US damages apportionment proposals would reduce patent value and threaten jobs, says new report 15 Jan 09
A report commisioned by an organisation called the Manufacturers Alliance on Patent Policy - which is composed of companies that employ more than 250,000 people in industries including chemicals, transportation, agriculture, food, electronics, aerospace and construction - was published yesterday. Written by economist Scott Shane, it concludes that the changes to the way in which damages are calculated in US patent litigation, as advocated by those who supported the Patent Reform Act that stalled during the last session of Congress, would probably have "severe adverse effects". These include:
- Lower patent value: reduced patent damages wouldlead to reduced patent value of between $34.4 billion and $85.3 billion.
- Reduced R&D: reduced damages would lead to reduced R&D spending of between $33.9 billion and $66 billion.
- Decline in corporate value: decreased value of intellectual property would cut $38.4 billion to $225.4 billion from US public company value.
- Jobs jeopardised: Lower company value could imperil 51,000 to 298,000 American manufacturing jobs.
- Minority favoured over the majority: Making it cheaper to cheat would benefit industries with fewer US workers at the expense of those with more.
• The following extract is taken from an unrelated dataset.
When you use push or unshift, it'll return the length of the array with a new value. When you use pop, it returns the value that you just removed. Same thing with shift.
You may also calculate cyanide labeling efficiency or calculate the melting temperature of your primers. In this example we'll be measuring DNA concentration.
It looks like this report is designed to introduce the MAPP, which has a membership comprising some of the biggest names in US manufacturing. Given that the alliance is opposed to major changes in the US patent system, it is not really a surprise that the research has come out in the way that it has. However, that is not really the point - the real issue is whether it is right. If it is, then it is going to make the jobs of those who support the legislation that much harder should it be reintroduced in the new session of Congress. After all, how do you counter assertins tha your proposlas could cost thousands of jobs, especially at a time when unemployment is increasing so rapidly?
Something worth noting is that one of the sources that Shane cites with regard to his calculations of patent value is James Bessen. The same James Bessen who co-authored Patent Failure with Michael Meurer and argued that the US patent system was, in most cases, not delivering the benefits that it was originally designed for. It is ironic that his work is being used in an argument to keep things as they are, when Bessen himself strongly believes that fundamental change is needed.